> TASK REQUIREMENTS:
Your response to the data below should hold nothing except the lines from the one containing "Here is an example" down to the one containing "Hi guys, my", reproduced exactly and without pictures.
(GIVEN ENTRIES Opens)
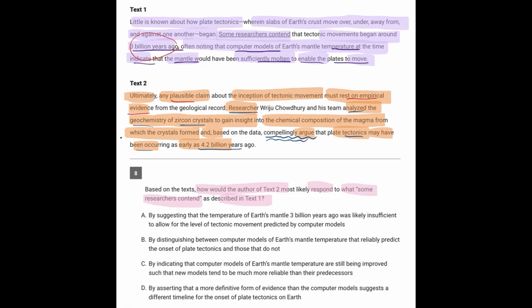So in other words, text 1 is wrong. It wasn't 3 billion years ago. With better evidence than text 1, they're arguing it was 4.2 billion years ago. So let's see how the answers match up with this.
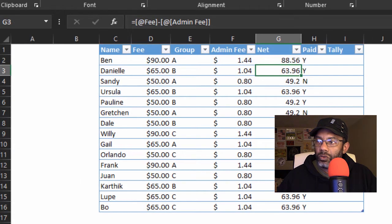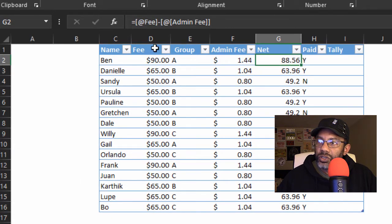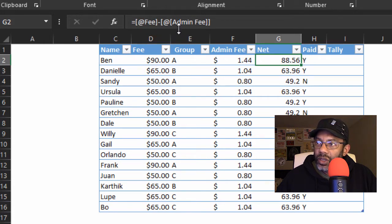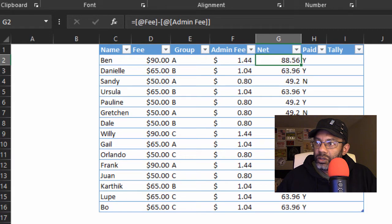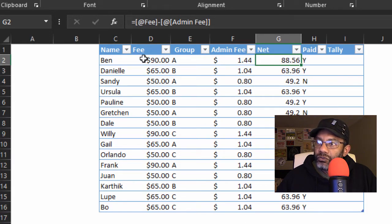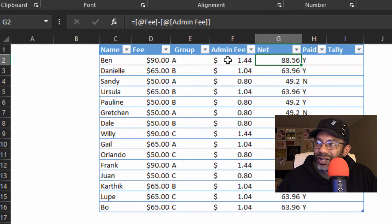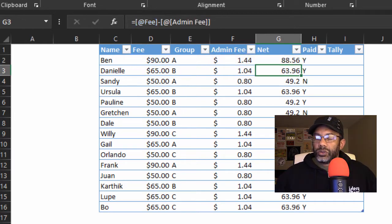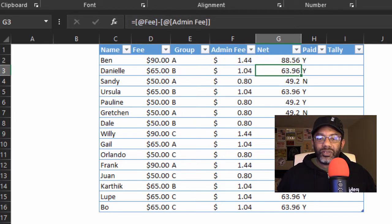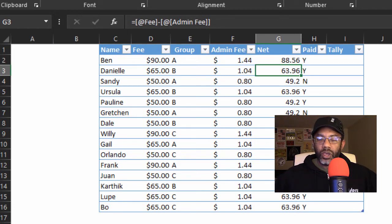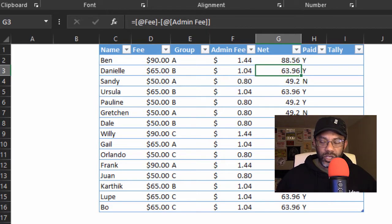That means something: Fee $90, Admin Fee $1.44. Put our cursor up here and we can see what's highlighted. So the table is giving us something meaningful inside our formulas. If something was off, we'd be able to see it.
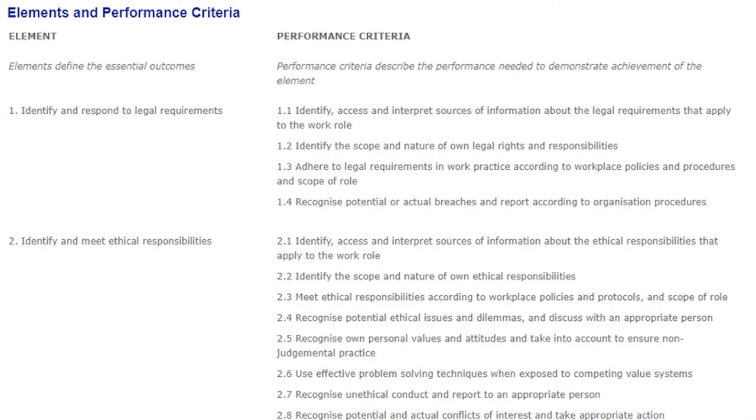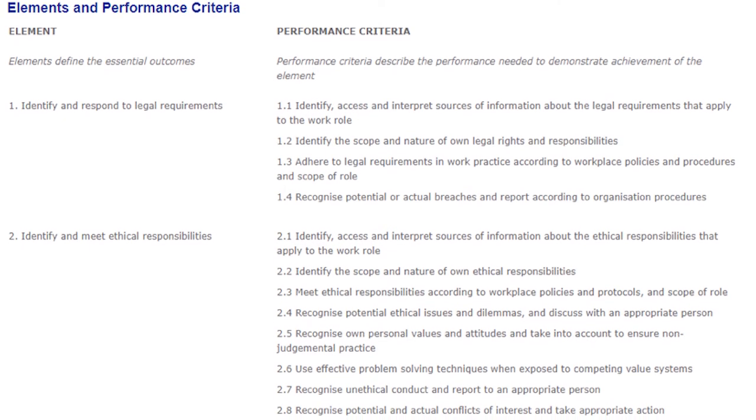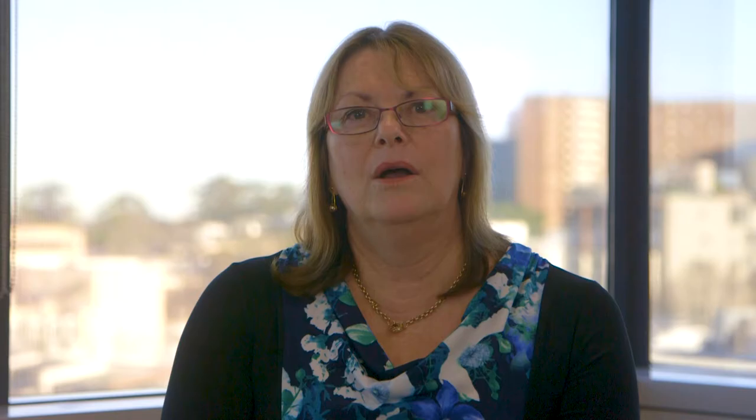Here is an example of some performance criteria to show what you might be measured against. Once the recognition process has begun, you may be contacted by the trainer to have further conversations around the competencies to gain a greater understanding of your knowledge and experience.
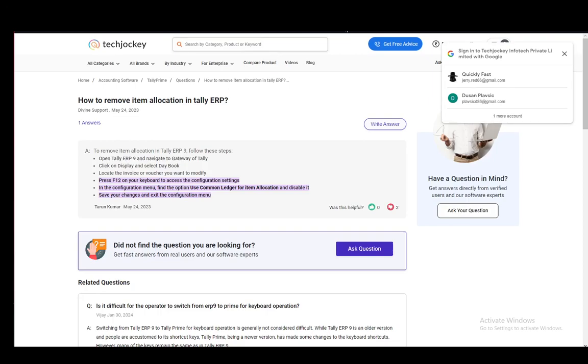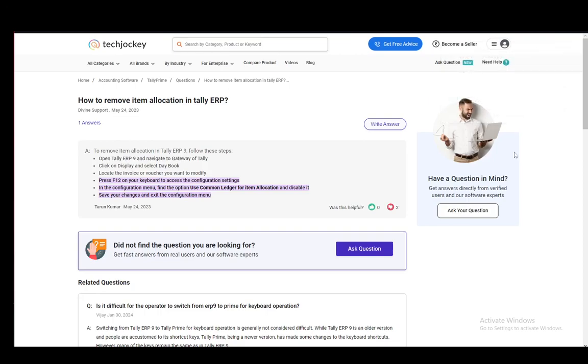Hey everybody, what is going on? I hope you guys are all doing well and welcome to another tutorial video. In this video, I'll be explaining how you can remove item allocation in Tally ERP.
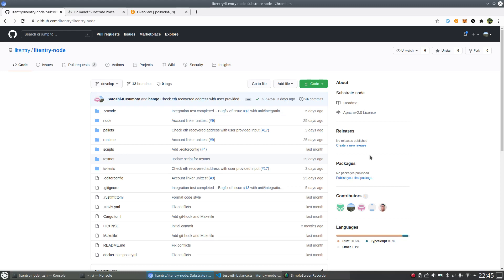Hi guys, my name is Han and I'm a core developer of Litentry. Today I would like to show you something about Litentry Node.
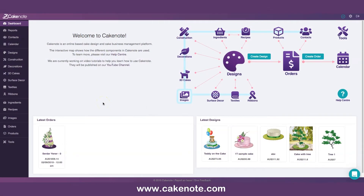Hello everybody, welcome back. This is Serdar Yener and you are watching number three demonstration video using our cake decorating and management software CakeNode. Our subject today is a little bit more complicated, a little bit more glamorous. I'd like to cover in this video something serious like a three-tier cake with a pillar in the center, and also creating its surface decor.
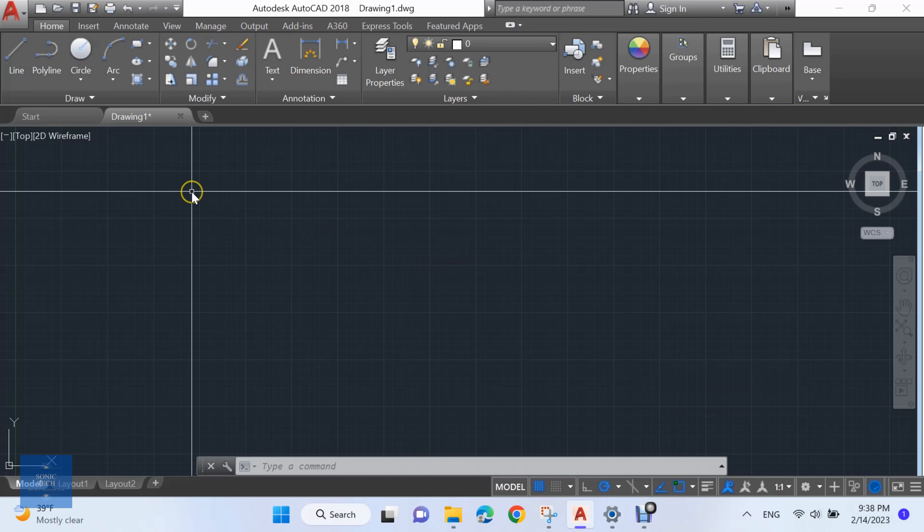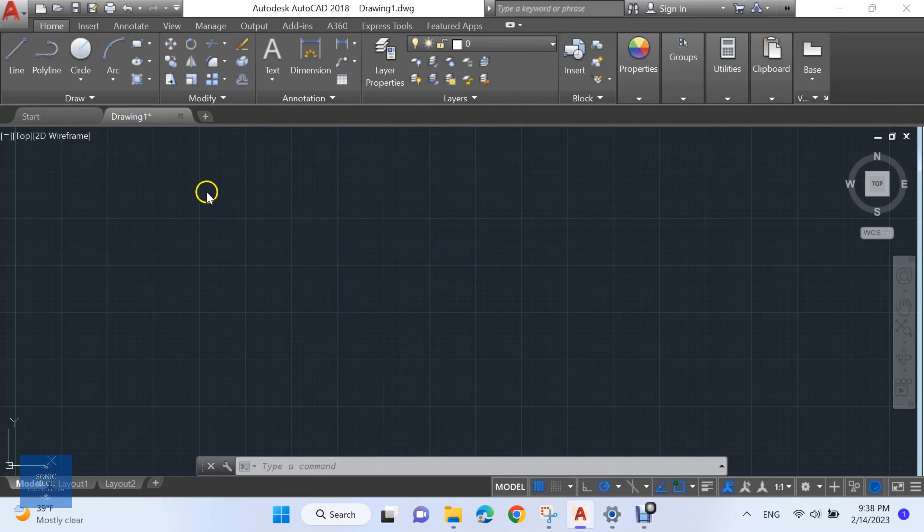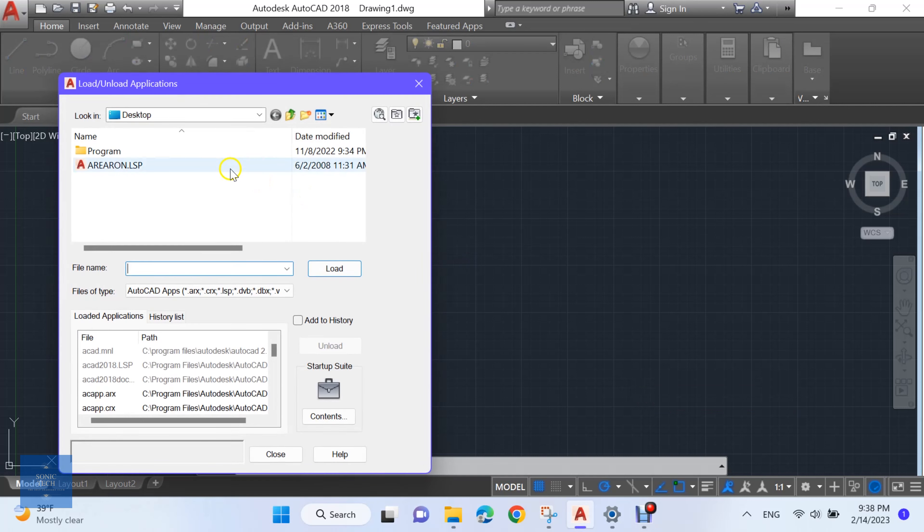First, load the AutoCAD Lisp. Enter upload, then choose your Lisp and load it.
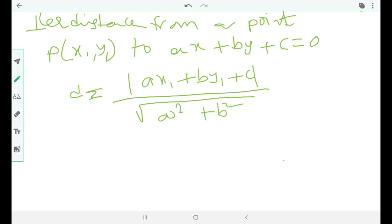Hello friends, today I want to explain a beautiful concept which has high application and where a number of questions are asked in IITs — both advanced and every state level exam. The concept is called perpendicular distance from a point to a line.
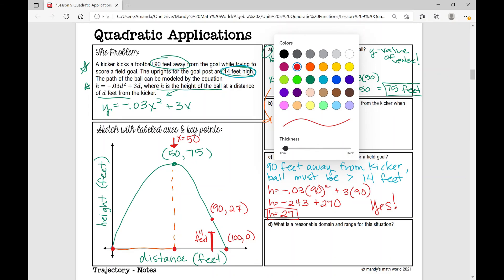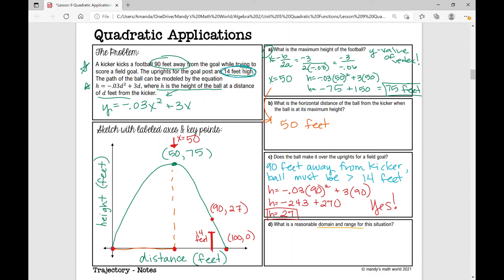Let's answer part D: what is a reasonable domain and range for this situation? The domain would be from zero to 90 feet away from the kicker, since that's all we really care about — we want to know if the ball is going to pass through the goalpost and earn the team three points. Some students might extend the domain to 100 feet when it hits the ground, which is also fine. The range in this situation — how high is the ball going to go — is from zero to 75 feet, since that's the highest point of the ball.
(GIVEN ENTRIES Closes)
> EXERCISE SOLUTION:
Here is an example of some performance criteria to show what you might be measured against. Once the recognition process has begun, you may be contacted by the trainer to have further conversations around the competencies to gain a greater understanding of your knowledge and experience.
Hey everybody, what is going on? I hope you guys are all doing well and welcome to another tutorial video. In this video, I'll be explaining how you can remove item allocation in Tally ERP.
Hi guys, my name is Han and I'm a core developer of Litentry. Today I would like to show you something about Litentry Node.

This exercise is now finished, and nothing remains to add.